本当の家族に恵まれなかったコニィにとって、ラッセルさんの家庭も、赤牙も、本当に大切な場所なんだってことを改めて知れた。おれも、その一員として認められることが……嬉しい。
「ねえ、蓮。ひとつだけ、聞かせて。さっき言っていた……あなたが強くなろうと思った最初の理由って、何なのかしら?」
「それは……。そんな、大層なものではないんだ。子供が考える、ありきたりな理由って言うかさ」
「でも、大事な理由だってこと、思い出したんでしょう?」
「……うん。はは……期待しないで、聞いてくれよ?」
……ああ。そうだ。それが、おれが槍を握った、一番の理由。いつのまにか、見失ってしまったもの。

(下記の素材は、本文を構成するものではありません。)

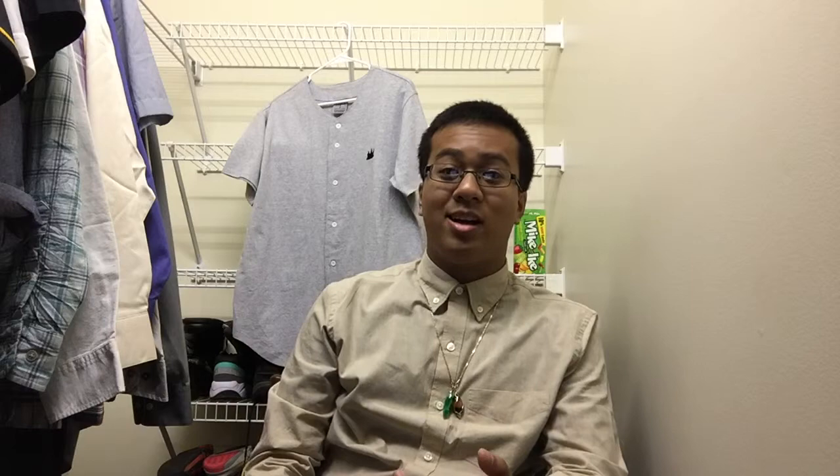I just want to do kind of a product review — or more or less, just show these two pieces of clothing I got from a brand company called Rep Cambodia.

それを、おれ自身にも、みんなにも、はっきりと示すために……まだ、やらなきゃいけないことが、いくつか残ってる。……だから。
「もう、後回しにはできない、よな?」
夕食後。
おれは、道場にある相手を呼んだ。
「遅い時間なのに来てくれてありがとう。……ガルフレア」
「構わないさ。さして距離があるわけでもないからな」
ガルは、おれが電話で呼び出すと、すぐに駆け付けてくれた。道場に入ってきたあいつは、少しだけ……不安そうな顔をしてるようにも見えたけど。